In the entries that follow, find the line containing "Touwnhouse à louer" and the line containing "Vasile Lup a", then copy exactly everything from the first through the second except the pictures.
Supplied records below:
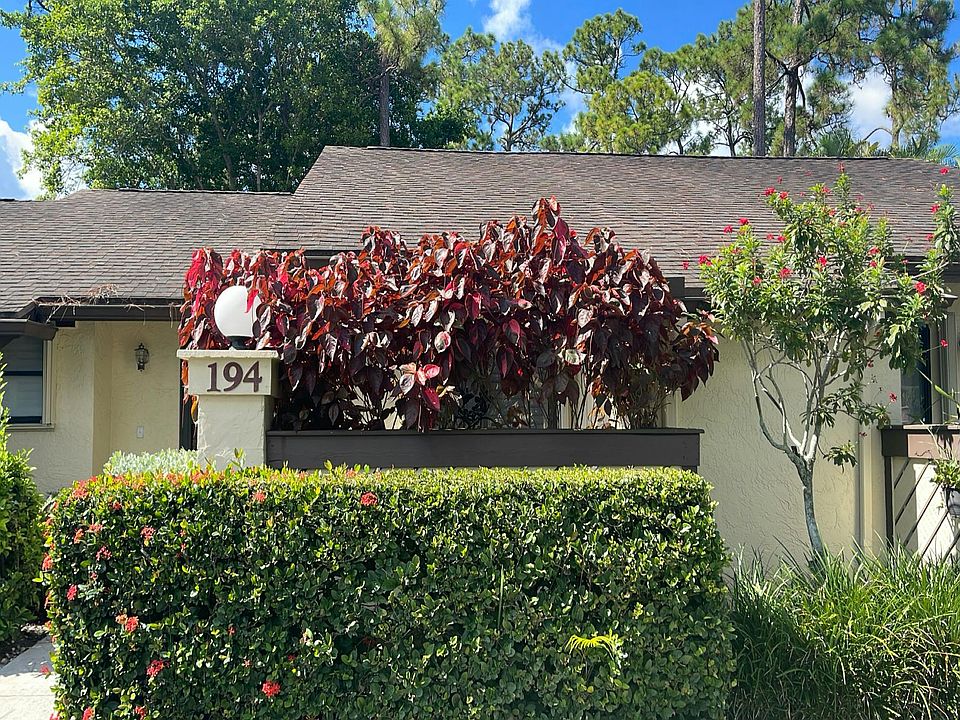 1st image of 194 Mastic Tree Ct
End of Supplied records.
Supplied records below:
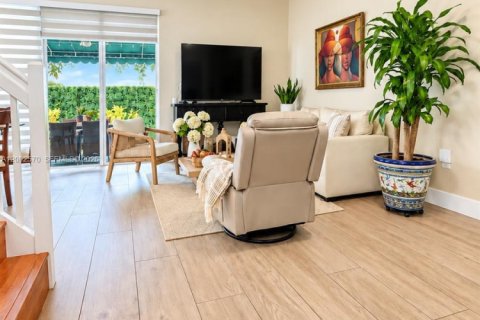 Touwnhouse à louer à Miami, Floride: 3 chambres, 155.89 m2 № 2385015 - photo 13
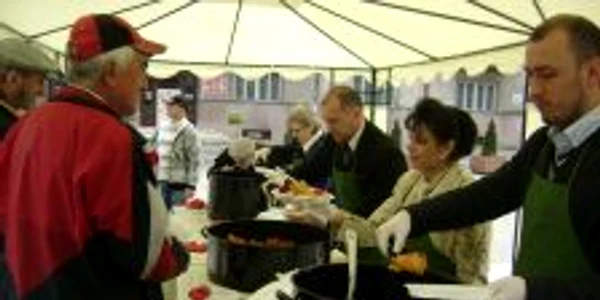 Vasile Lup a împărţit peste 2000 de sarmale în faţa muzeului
End of Supplied records.
Exercise output
 Touwnhouse à louer à Miami, Floride: 3 chambres, 155.89 m2 № 2385015 - photo 13
 Vasile Lup a împărţit peste 2000 de sarmale în faţa muzeului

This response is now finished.